====== Task material
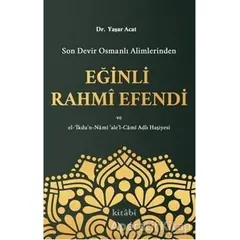 Son Devir Osmanlı Alimlerinden Eğinli Rahmi Efendi - Yaşar Acat - Kitabi Yayınevi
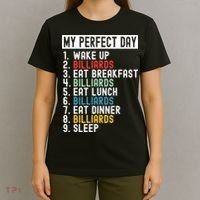 Billiards My Perfect Day Billiards Dad Gift For Father’s Day T-Shirt thumb 4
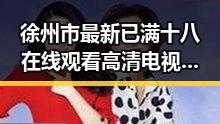 徐州市最新已满十八在线观看高清电视剧推荐官方版正版下载指南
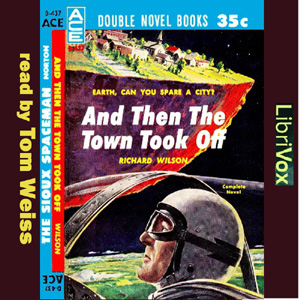 And Then the Town Took Off - Richard WILSON - Free Audio Books Online Audiobooks in English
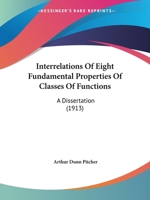 Interrelations of Eight Fundamental Properties of Classes of Functions: A Dissertation 1120300878 Book Cover
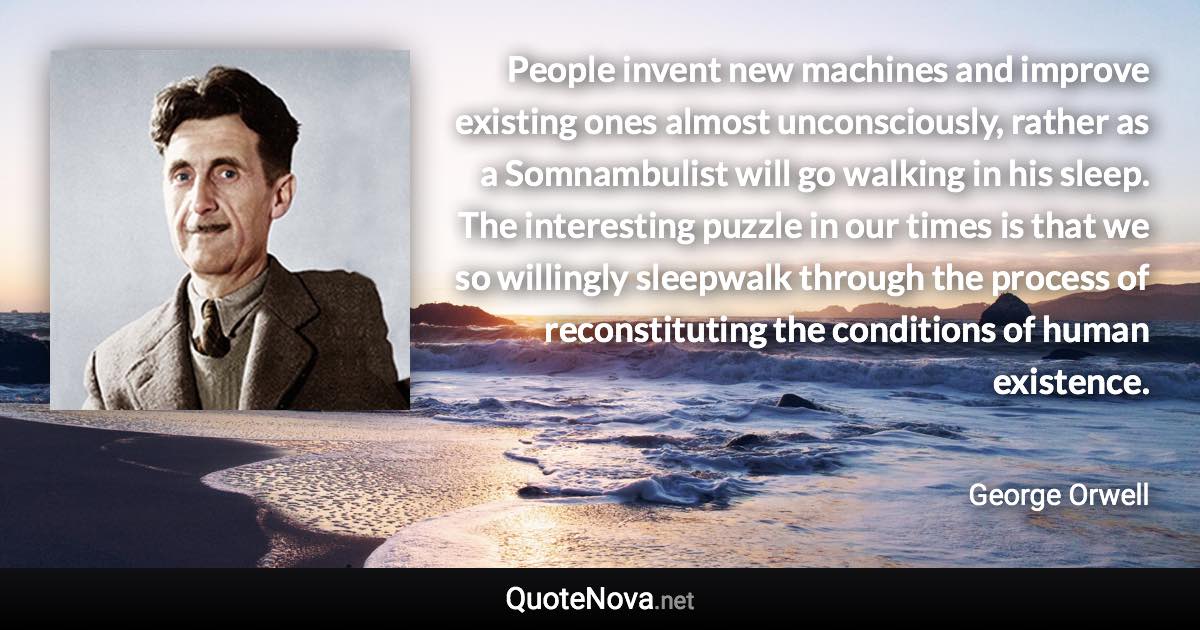 People invent new machines and improve existing ones almost unconsciously, rather as a Somnambulist will go walking in his sleep. The interesting puzzle in our times is that we so willingly sleepwalk through the process of reconstituting the conditions of human existence. - George Orwell quote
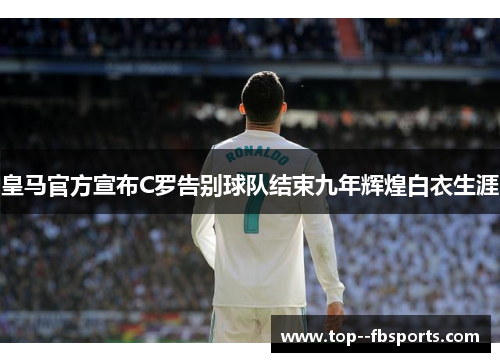 皇马官方宣布C罗告别球队结束九年辉煌白衣生涯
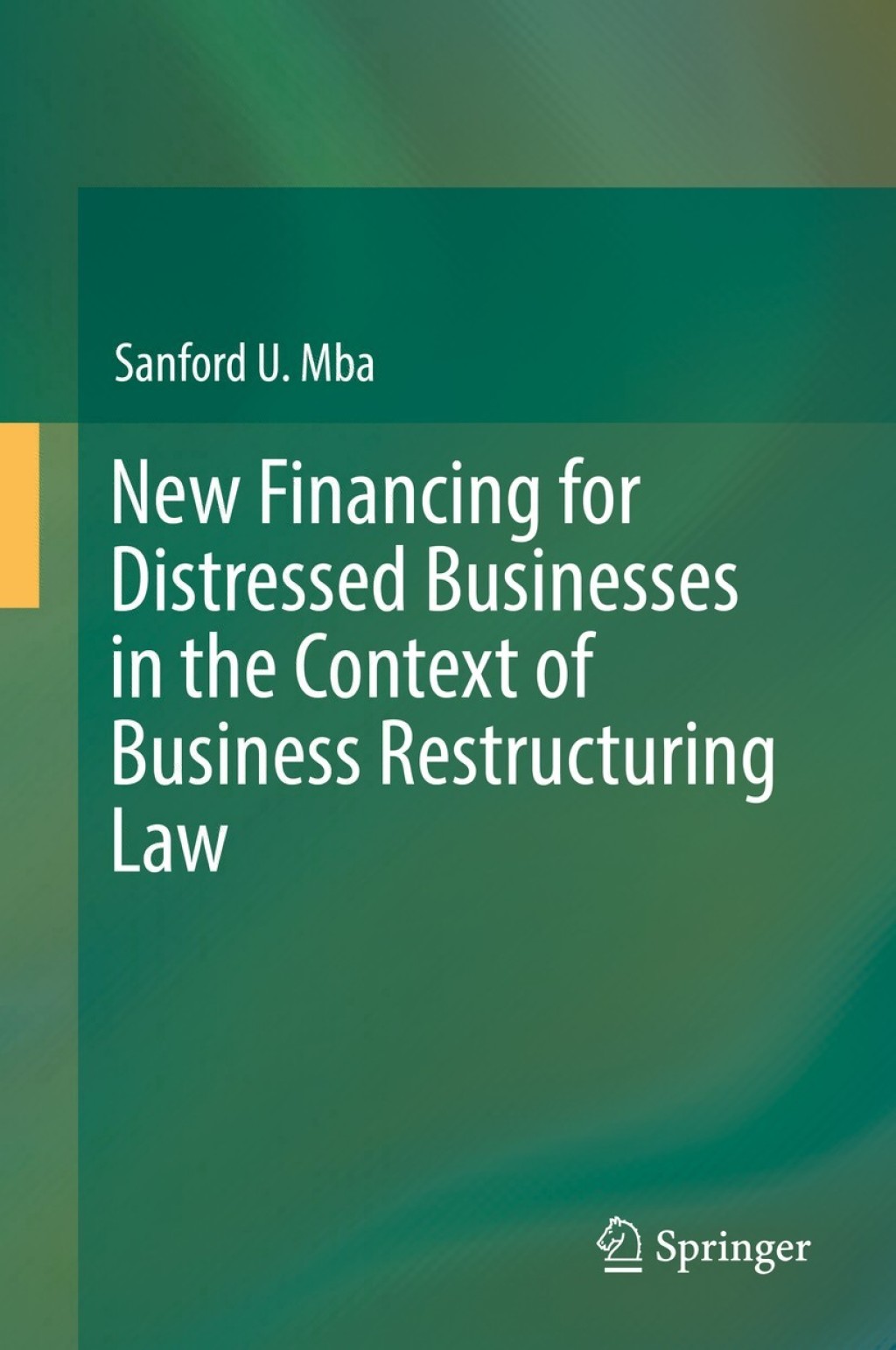 New Financing for Distressed Businesses in the Context of Business Restructuring Law  â€“ PDF/EPUB Version Downloadable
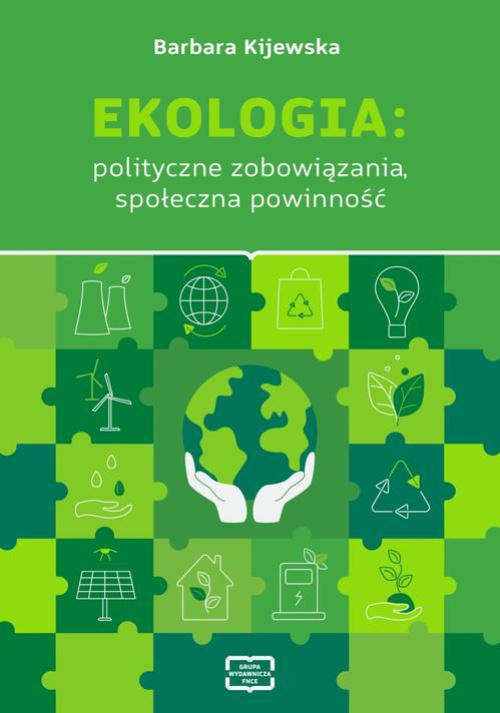 Okładka książki o tytule: EKOLOGIA: polityczne zobowiązania, społeczna powinność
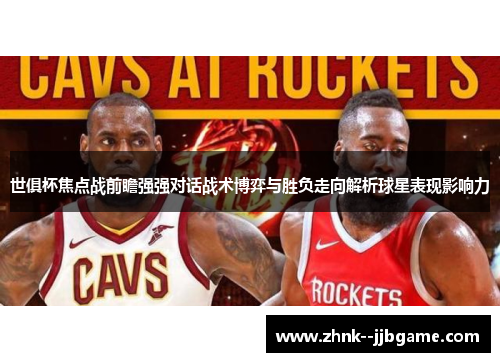 世俱杯焦点战前瞻强强对话战术博弈与胜负走向解析球星表现影响力 世俱杯焦点战前瞻强强对话战术博弈与胜负走向解析球星表现影响力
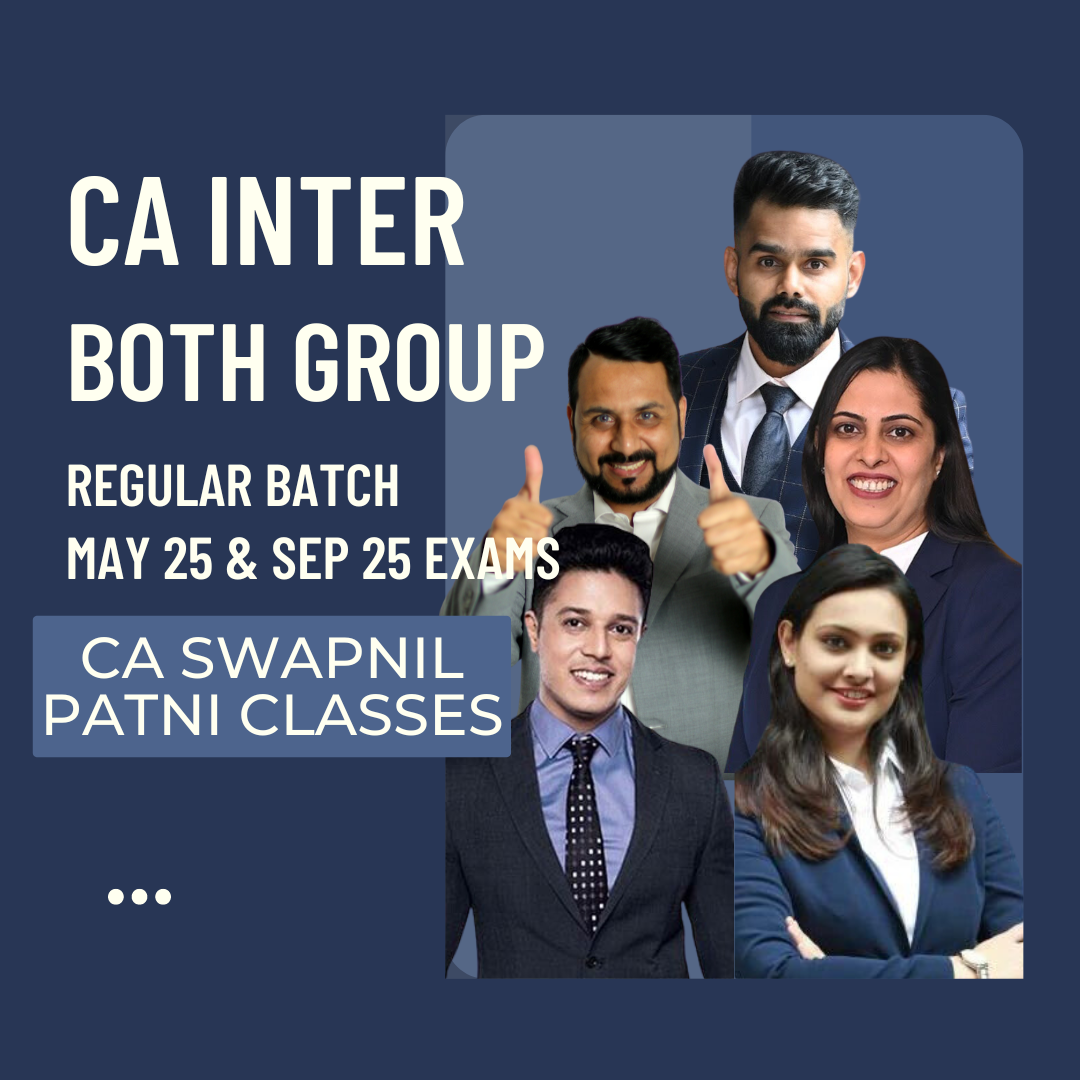 CA Inter May 25 | Both Group Combo By CA Swapnil Patni Classes | LIVE Regular Batch From August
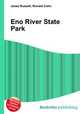 Eno River State Park, Jesse Russell,Ronald Cohn 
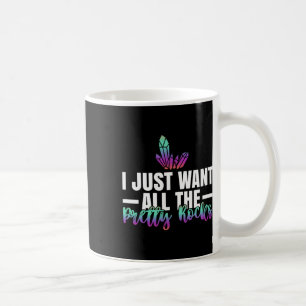 Mug Géologie Chasse Rock Je Veux Juste Tout Ce Joli Ro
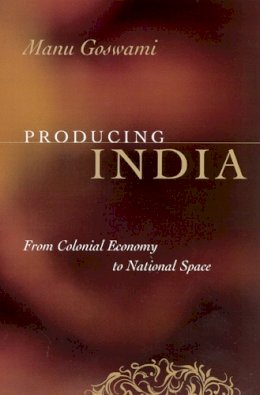 Manu Goswami - Producing India - 9780226305097 - V9780226305097
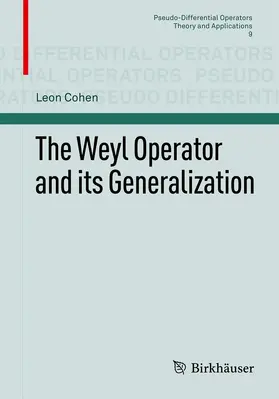 Cohen |  The Weyl Operator and its Generalization | eBook | Sack Fachmedien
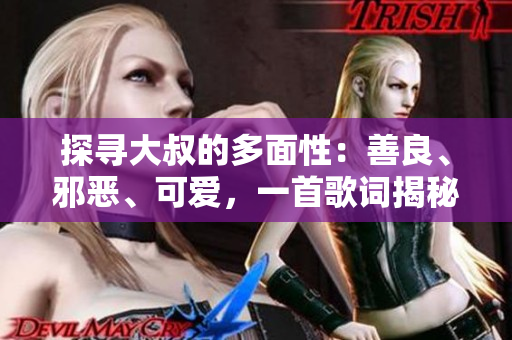 探尋大叔的多面性：善良、邪惡、可愛，一首歌詞揭秘大叔的內(nèi)心世界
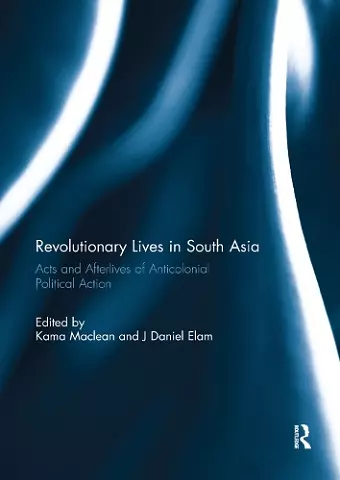 Revolutionary Lives in South Asia cover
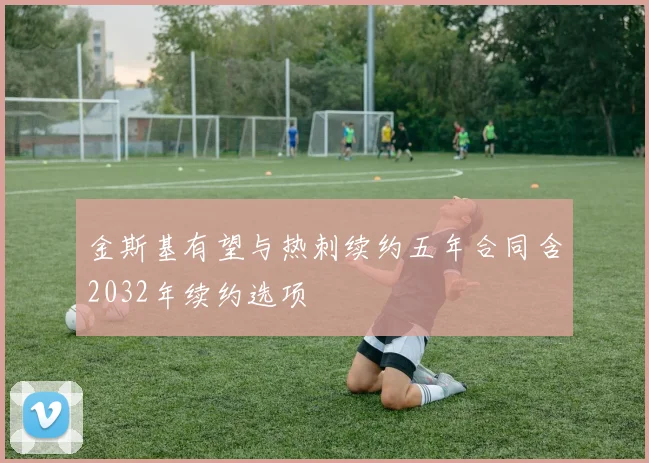 金斯基有望与热刺续约五年合同含2032年续约选项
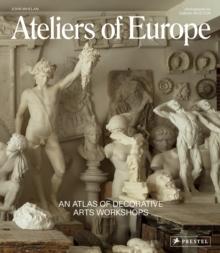 Ateliers of Europe : An Atlas of Decorative Arts Workshops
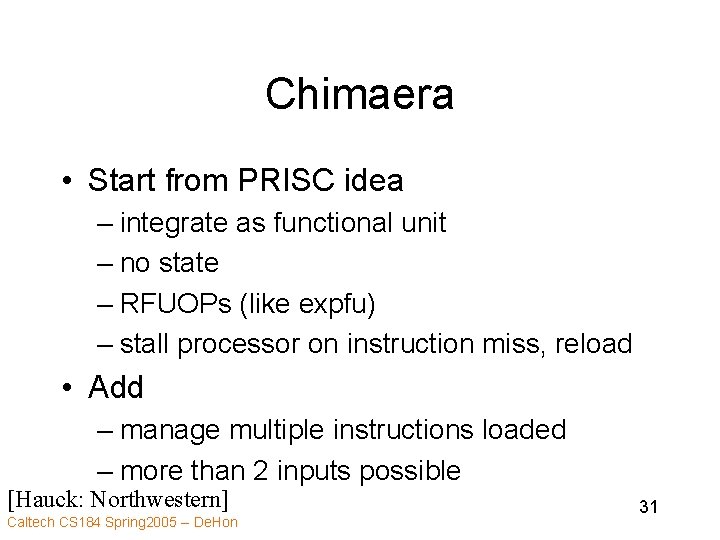 Chimaera • Start from PRISC idea – integrate as functional unit – no state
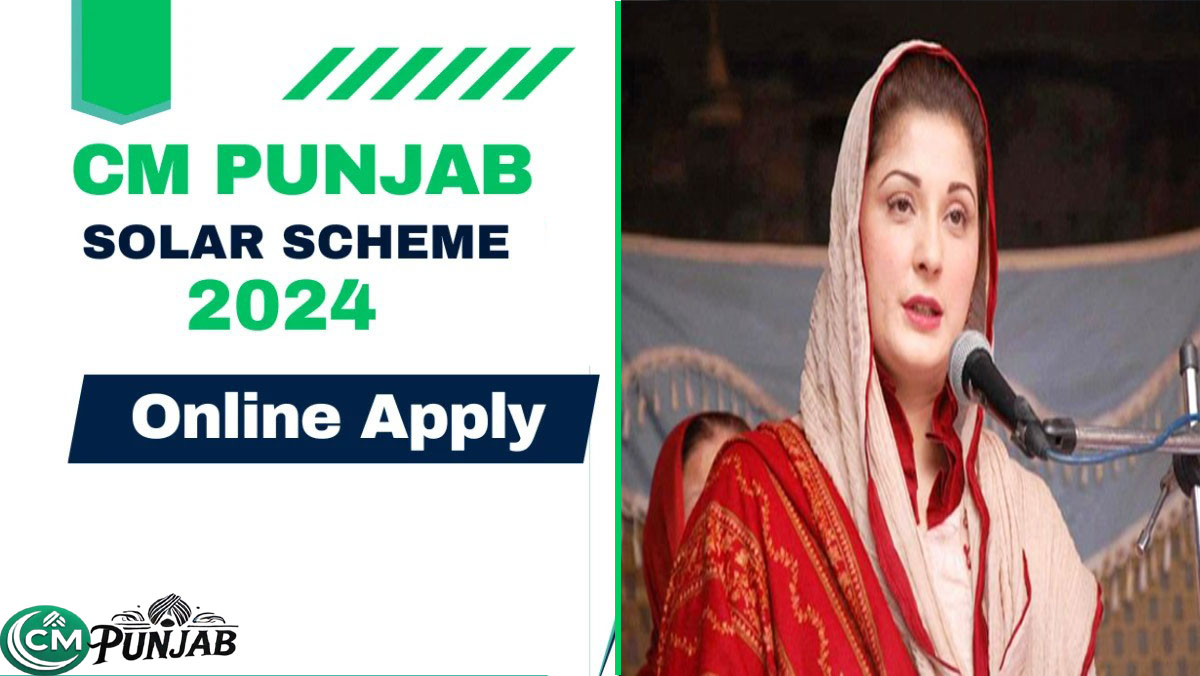 Online Apply for the CM Punjab Maryam Nawaz Sharif Free Solar Panel Scheme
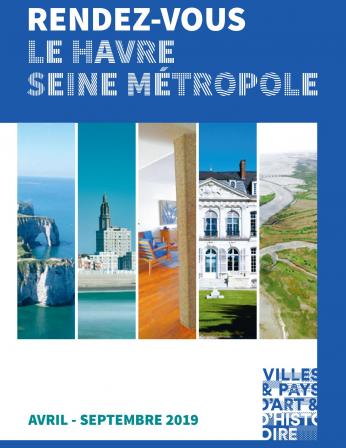 Rendez-vous du patrimoine - Le Havre Seine Métropole - Avril à septembre 2019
============
* What to produce *
Word for word, repeat the data above with the pictures left out.

* Response to this exercise *
 Son Devir Osmanlı Alimlerinden Eğinli Rahmi Efendi - Yaşar Acat - Kitabi Yayınevi
 Billiards My Perfect Day Billiards Dad Gift For Father’s Day T-Shirt thumb 4
 徐州市最新已满十八在线观看高清电视剧推荐官方版正版下载指南
 And Then the Town Took Off - Richard WILSON - Free Audio Books Online Audiobooks in English
 Interrelations of Eight Fundamental Properties of Classes of Functions: A Dissertation 1120300878 Book Cover
 People invent new machines and improve existing ones almost unconsciously, rather as a Somnambulist will go walking in his sleep. The interesting puzzle in our times is that we so willingly sleepwalk through the process of reconstituting the conditions of human existence. - George Orwell quote
 皇马官方宣布C罗告别球队结束九年辉煌白衣生涯
 New Financing for Distressed Businesses in the Context of Business Restructuring Law  â€“ PDF/EPUB Version Downloadable
 Okładka książki o tytule: EKOLOGIA: polityczne zobowiązania, społeczna powinność
 世俱杯焦点战前瞻强强对话战术博弈与胜负走向解析球星表现影响力 世俱杯焦点战前瞻强强对话战术博弈与胜负走向解析球星表现影响力
 CA Inter May 25 | Both Group Combo By CA Swapnil Patni Classes | LIVE Regular Batch From August
 Eno River State Park, Jesse Russell,Ronald Cohn 
 Mug Géologie Chasse Rock Je Veux Juste Tout Ce Joli Ro
 Manu Goswami - Producing India - 9780226305097 - V9780226305097
 Cohen |  The Weyl Operator and its Generalization | eBook | Sack Fachmedien
 探尋大叔的多面性：善良、邪惡、可愛，一首歌詞揭秘大叔的內(nèi)心世界
 Revolutionary Lives in South Asia cover
 金斯基有望与热刺续约五年合同含2032年续约选项
 Ateliers of Europe : An Atlas of Decorative Arts Workshops
 Chimaera • Start from PRISC idea – integrate as functional unit – no state
 Online Apply for the CM Punjab Maryam Nawaz Sharif Free Solar Panel Scheme
 Rendez-vous du patrimoine - Le Havre Seine Métropole - Avril à septembre 2019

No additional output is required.